# EXERCISE INPUTS
.....

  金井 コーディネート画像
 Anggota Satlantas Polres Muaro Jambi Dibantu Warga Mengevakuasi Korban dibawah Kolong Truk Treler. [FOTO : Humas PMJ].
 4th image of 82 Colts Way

.....

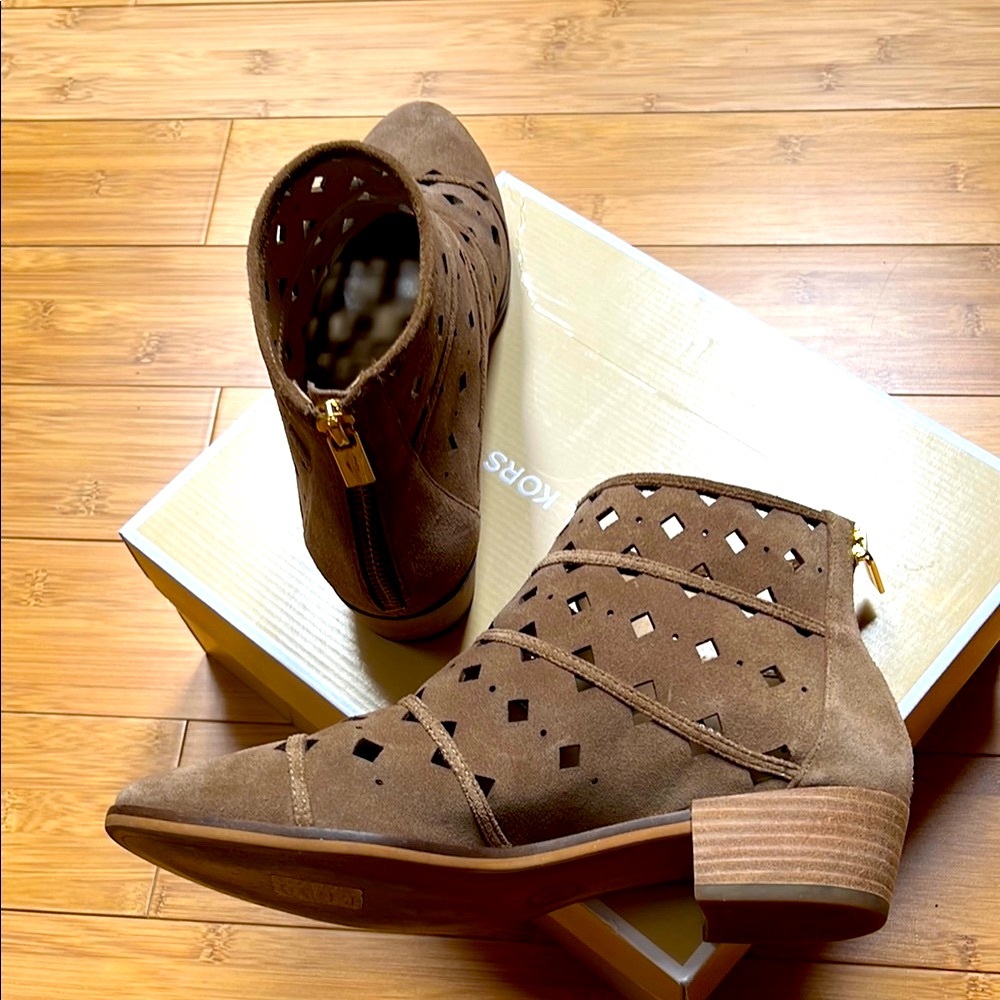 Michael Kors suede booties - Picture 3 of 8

.....

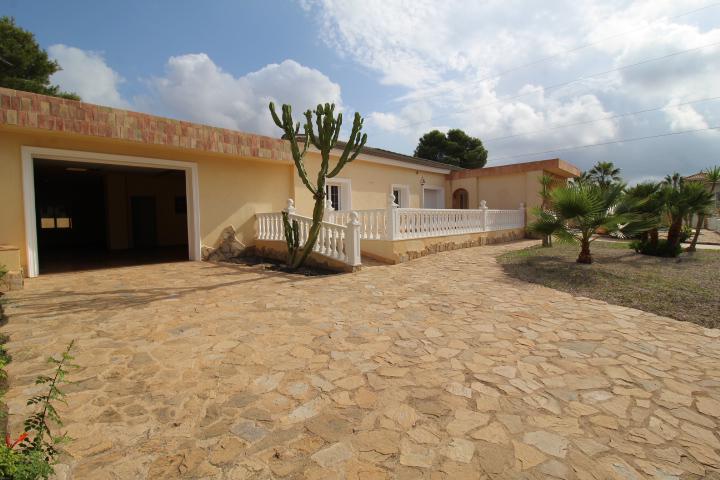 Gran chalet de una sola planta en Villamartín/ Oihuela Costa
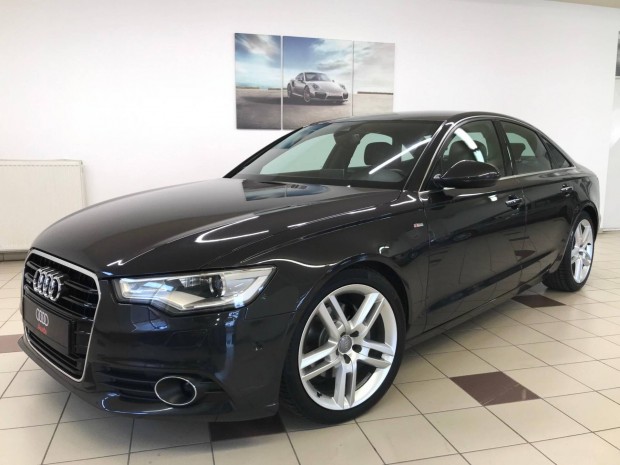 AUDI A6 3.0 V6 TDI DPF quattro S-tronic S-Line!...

.....

# YOUR INSTRUCTIONS
From the entries above, write out only the lines starting at the line that holds "金井 コーディネート画像" and ending at the line that holds "4th image of 82 Colts Way", keeping both and matching them exactly.

# SOLUTION TO THIS PROBLEM
  金井 コーディネート画像
 Anggota Satlantas Polres Muaro Jambi Dibantu Warga Mengevakuasi Korban dibawah Kolong Truk Treler. [FOTO : Humas PMJ].
 4th image of 82 Colts Way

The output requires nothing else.